Retatrutide just demolished Ozempic's record: in Phase 3 trials, it delivered 28.7% average body weight loss at 68 weeks — nearly double the 14.9% Ozempic achieves in the same timeframe.
At-a-Glance Key Takeaways
- Retatrutide is not the same as Ozempic — they are entirely different compounds with different mechanisms.
- Retatrutide hits GLP-1, GIP, and glucagon receptors; Ozempic only hits GLP-1.
- Phase 3 data (TRIUMPH-4, Dec 2025): retatrutide 12mg achieved 28.7% weight loss at 68 weeks.
- Ozempic is FDA-approved and available now; retatrutide is in Phase 3 with approval expected 2027.
- The glucagon component adds fat-burning thermogenesis — not found in Ozempic or tirzepatide.
- Retatrutide shows dramatic liver fat reductions, relevant for people with MASLD.
- Both use weekly subcutaneous injections; GI side effects are similar but slightly higher with retatrutide.
- For researchers: R-30 (retatrutide 30mg) is available from Ascension Peptides.
Ozempic redefined what a weight-loss drug could do.
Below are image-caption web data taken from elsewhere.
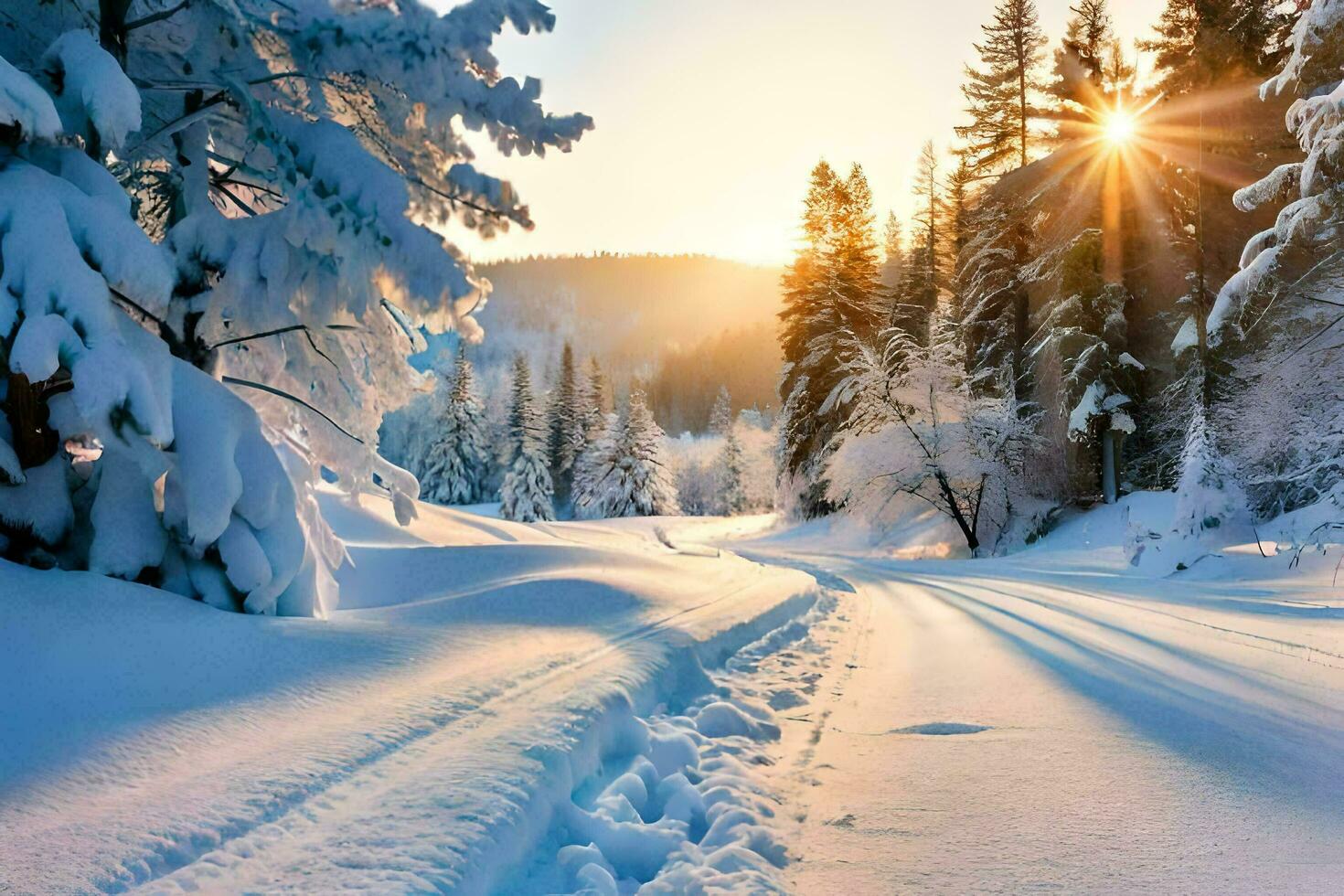 winter landscape with snow covered trees and sun. AI-Generated photo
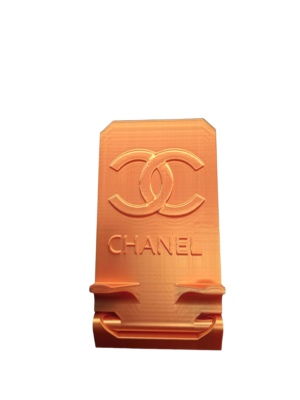 Premium Designer Phone Stand – 3D Printed Silk PLA+ Phone Holder (Orange)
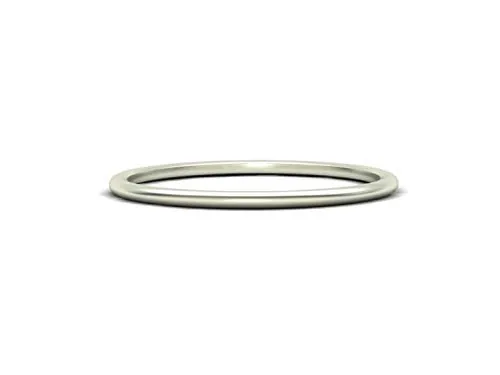 14k Solid White Gold Slim Delicate Band
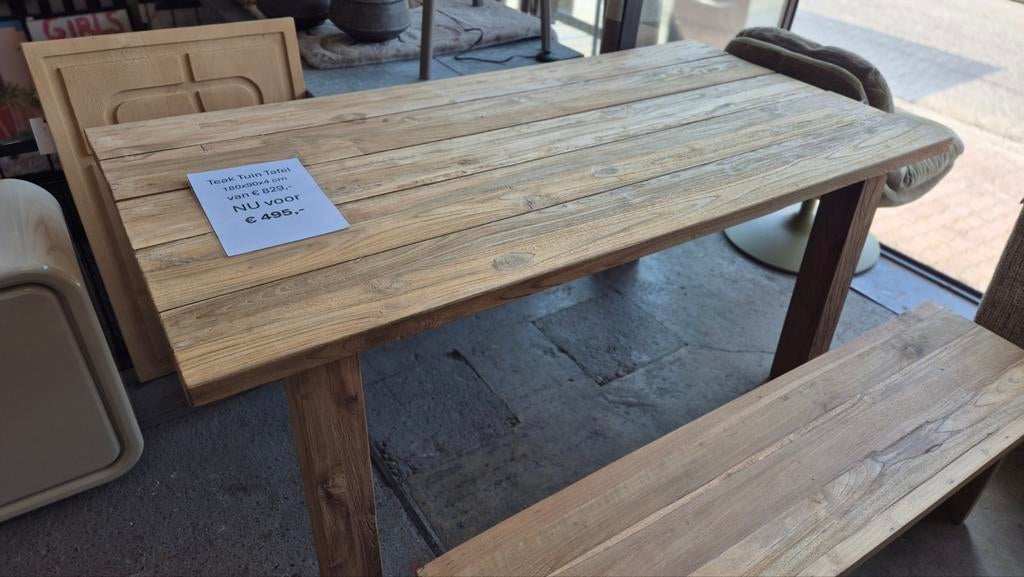 Teak Tuin Tafel 180x90x4 cm - Nieuw, Ophalen, Nieuw, Rechthoekig, Teakhout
Then tirzepatide raised the bar again. Now retatrutide — Eli Lilly's triple-agonist — has turned both of them into reference points, not benchmarks. This breakdown covers everything you need to know: mechanism, trial data, side effects, dosing, and where these two drugs actually stand in 2026.
Is Retatrutide the Same as Ozempic?
No — and the difference matters. Retatrutide (LY3437943, made by Eli Lilly) and Ozempic (semaglutide, made by Novo Nordisk) share the once-weekly injection format and some GI side effects. That's where the similarity ends.
- Ozempic: contains semaglutide, a GLP-1 receptor agonist — single target.
- Retatrutide: a triple agonist — GLP-1, GIP, and glucagon receptors, all at once.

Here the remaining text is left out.